Think about what happens when the fader position for an input on Layer 1 is drastically different from the position of the same fader on Layer 2. If the fader jumps to the wrong position, your kick drum might disappear from the house mix—or worse, it might get really loud in someone’s monitor mix. At one show I did recently, the systems engineer was kind enough to replace a fader or two before the show so that I could avoid this issue. Bless his heart.

  1. Can I have a hardware CD player at front-of-house?

Not that long ago, it was a no-brainer that every drive rack had a CD player in it. I guess those drive racks still have CD players, but a lot of systems are run without drive racks these days. Go ahead and make fun of me. I can take it.

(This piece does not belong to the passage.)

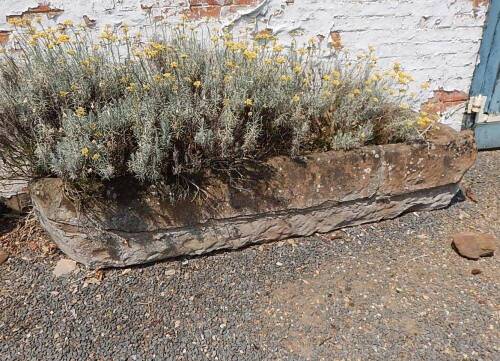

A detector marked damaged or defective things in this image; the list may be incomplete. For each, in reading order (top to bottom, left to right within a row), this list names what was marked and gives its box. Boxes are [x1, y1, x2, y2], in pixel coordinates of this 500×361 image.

I want to run the audio effects for my show from a CD player, not my phone. I don’t want to use a DVD player, where you can’t see a track number on the screen, or a computer with a disc drive that takes 30 seconds to spin up. I want a Sony CDP-D11, a Tascam CD500B or, better yet, one of those Pioneer CDJs that has a big Play button and a display that shows what track has been cued. When I hit Play on the thing, I’d like to have confidence that Godzilla’s footsteps will, in fact, shake the house. Is that too much to ask? Maybe next year I’ll put the cues on vinyl and ask for a turntable.

One final question that I have been asking and will continue to ask…

Does that “console” have a work surface?

There’s no way I’m running a show from an iPad.